Wir leben in einem Land, in der die Kinderrechte in der Regel gewertschätzt werden. Jedes Kind hat das Recht auf eine Kindheit, und natürlich auch auf Bildung. Und Kinderarbeit ist bei uns richtigerweise verboten. Ich finde, in einer immer globaler werdenden Gesellschaft sollten wir alle, als Verbraucher, aber auch als verantwortungsbewusste Firma, durch unser Wirtschaftsverhalten dazu beitragen, dass solche Missstände beendet werden.

Wenn diese Nominierung wenigstens dazu führt, dass die Unternehmen - und manche besonders! - tatsächlich noch mehr darüber nachdenken, was sie besser machen können, dann hat sie zumindest einen Zweck erfüllt. Was den anderen Aspekt anbelangt, nämlich generell die Auswahl, bin ich abgesehen von unter anderem den oben unter "Positives" genannten Beispielen sehr enttäuscht.

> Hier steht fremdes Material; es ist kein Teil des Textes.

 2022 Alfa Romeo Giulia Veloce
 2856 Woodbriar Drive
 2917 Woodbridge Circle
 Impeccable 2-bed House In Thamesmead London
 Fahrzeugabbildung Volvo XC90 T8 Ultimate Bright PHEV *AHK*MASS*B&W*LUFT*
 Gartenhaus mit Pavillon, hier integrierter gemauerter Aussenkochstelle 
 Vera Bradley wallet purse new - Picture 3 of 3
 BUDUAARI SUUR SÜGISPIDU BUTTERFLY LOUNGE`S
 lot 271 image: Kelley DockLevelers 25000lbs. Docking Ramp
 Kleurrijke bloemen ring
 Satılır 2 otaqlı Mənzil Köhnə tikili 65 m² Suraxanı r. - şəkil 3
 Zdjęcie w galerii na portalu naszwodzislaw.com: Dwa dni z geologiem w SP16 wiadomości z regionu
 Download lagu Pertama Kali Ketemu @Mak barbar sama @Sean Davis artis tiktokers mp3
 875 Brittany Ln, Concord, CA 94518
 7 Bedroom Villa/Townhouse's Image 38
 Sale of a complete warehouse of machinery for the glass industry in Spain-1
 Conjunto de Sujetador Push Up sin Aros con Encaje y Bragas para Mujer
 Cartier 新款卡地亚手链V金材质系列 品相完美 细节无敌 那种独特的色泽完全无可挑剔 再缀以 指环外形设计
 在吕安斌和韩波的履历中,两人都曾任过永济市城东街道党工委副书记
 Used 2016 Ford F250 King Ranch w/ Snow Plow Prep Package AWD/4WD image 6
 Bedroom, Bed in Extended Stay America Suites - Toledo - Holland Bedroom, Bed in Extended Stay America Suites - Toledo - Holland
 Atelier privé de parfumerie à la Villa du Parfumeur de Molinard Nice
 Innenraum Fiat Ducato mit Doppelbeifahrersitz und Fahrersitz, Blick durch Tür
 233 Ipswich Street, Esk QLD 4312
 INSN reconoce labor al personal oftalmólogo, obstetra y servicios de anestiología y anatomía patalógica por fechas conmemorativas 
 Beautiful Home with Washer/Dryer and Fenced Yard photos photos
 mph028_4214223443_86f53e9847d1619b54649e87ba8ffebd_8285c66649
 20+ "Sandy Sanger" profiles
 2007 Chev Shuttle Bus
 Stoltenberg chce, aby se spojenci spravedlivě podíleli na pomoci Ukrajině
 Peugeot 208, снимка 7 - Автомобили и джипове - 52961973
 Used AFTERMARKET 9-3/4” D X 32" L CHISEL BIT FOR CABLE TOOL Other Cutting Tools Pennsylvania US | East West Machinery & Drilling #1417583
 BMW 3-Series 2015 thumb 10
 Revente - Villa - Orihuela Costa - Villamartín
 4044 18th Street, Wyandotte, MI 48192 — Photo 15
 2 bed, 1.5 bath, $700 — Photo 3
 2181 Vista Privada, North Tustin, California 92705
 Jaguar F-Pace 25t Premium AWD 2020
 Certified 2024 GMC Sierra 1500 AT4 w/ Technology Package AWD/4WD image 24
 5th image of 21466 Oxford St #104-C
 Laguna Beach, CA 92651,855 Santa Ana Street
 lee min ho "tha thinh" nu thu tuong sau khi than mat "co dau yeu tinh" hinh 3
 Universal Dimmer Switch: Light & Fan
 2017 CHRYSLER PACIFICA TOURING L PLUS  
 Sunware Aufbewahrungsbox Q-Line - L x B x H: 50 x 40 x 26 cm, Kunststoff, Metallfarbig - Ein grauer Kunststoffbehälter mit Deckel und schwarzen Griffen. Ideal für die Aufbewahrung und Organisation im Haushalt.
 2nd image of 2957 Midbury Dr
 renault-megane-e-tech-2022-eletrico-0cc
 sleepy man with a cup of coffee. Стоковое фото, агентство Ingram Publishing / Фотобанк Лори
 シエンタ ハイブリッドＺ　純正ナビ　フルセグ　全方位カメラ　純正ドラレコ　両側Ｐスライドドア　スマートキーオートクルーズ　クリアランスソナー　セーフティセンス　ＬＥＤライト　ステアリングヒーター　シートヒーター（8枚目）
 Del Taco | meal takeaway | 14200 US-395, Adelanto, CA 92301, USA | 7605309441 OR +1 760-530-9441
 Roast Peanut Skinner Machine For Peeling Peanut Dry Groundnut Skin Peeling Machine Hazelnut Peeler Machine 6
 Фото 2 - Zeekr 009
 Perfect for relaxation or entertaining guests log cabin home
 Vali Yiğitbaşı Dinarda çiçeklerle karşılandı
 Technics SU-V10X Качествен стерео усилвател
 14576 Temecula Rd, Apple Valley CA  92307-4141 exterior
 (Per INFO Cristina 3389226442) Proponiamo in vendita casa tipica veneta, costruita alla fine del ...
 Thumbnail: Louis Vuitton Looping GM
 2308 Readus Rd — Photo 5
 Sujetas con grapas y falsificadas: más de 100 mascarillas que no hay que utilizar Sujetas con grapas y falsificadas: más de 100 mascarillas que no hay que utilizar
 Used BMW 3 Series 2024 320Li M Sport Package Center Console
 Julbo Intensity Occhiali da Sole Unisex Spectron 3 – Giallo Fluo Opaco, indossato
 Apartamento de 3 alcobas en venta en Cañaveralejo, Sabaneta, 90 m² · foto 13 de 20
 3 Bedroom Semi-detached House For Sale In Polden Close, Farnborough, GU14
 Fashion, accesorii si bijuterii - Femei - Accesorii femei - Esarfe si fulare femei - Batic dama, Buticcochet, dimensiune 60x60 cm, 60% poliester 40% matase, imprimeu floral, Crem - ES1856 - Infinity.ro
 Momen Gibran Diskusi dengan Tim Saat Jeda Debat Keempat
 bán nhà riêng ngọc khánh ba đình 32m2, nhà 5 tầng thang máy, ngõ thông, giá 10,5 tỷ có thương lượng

Ich hatte nicht erwartet, dass beim Deutschen Nachhaltigkeitspreis gerade die in schwerwiegenden Punkten unvorbildlicheren Firmen in den Himmel gelobt würden. Das hinterlässt bei mir jedenfalls keinen guten Nachgeschmack davon.

Und wie steht Ihr dazu? Ist Euch das alles etwa egal?